* COLLECTED DATA:
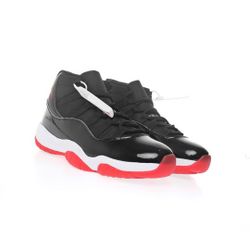 Jordan 11 Playoffs Bred 75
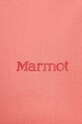 Sportovní mikina Marmot Windridge M15352 oranžová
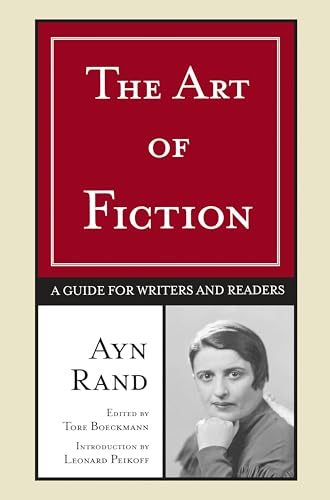 The Art of Fiction: A Guide for Writers and Readers von NAL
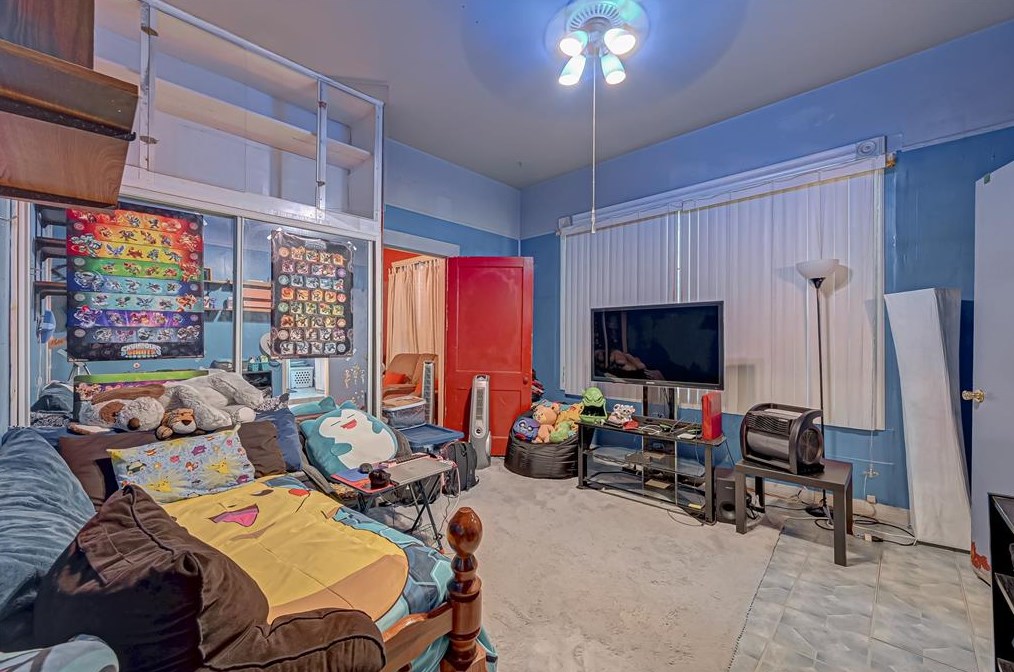 305 Archer St, Houston TX  77009-4607 exterior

* DIRECTIONS FOR THIS TASK: An exact, picture-free copy of the listing above is the goal; write it out now.

* EXERCISE RESPONSE:
 Jordan 11 Playoffs Bred 75
 Sportovní mikina Marmot Windridge M15352 oranžová
 The Art of Fiction: A Guide for Writers and Readers von NAL
 305 Archer St, Houston TX  77009-4607 exterior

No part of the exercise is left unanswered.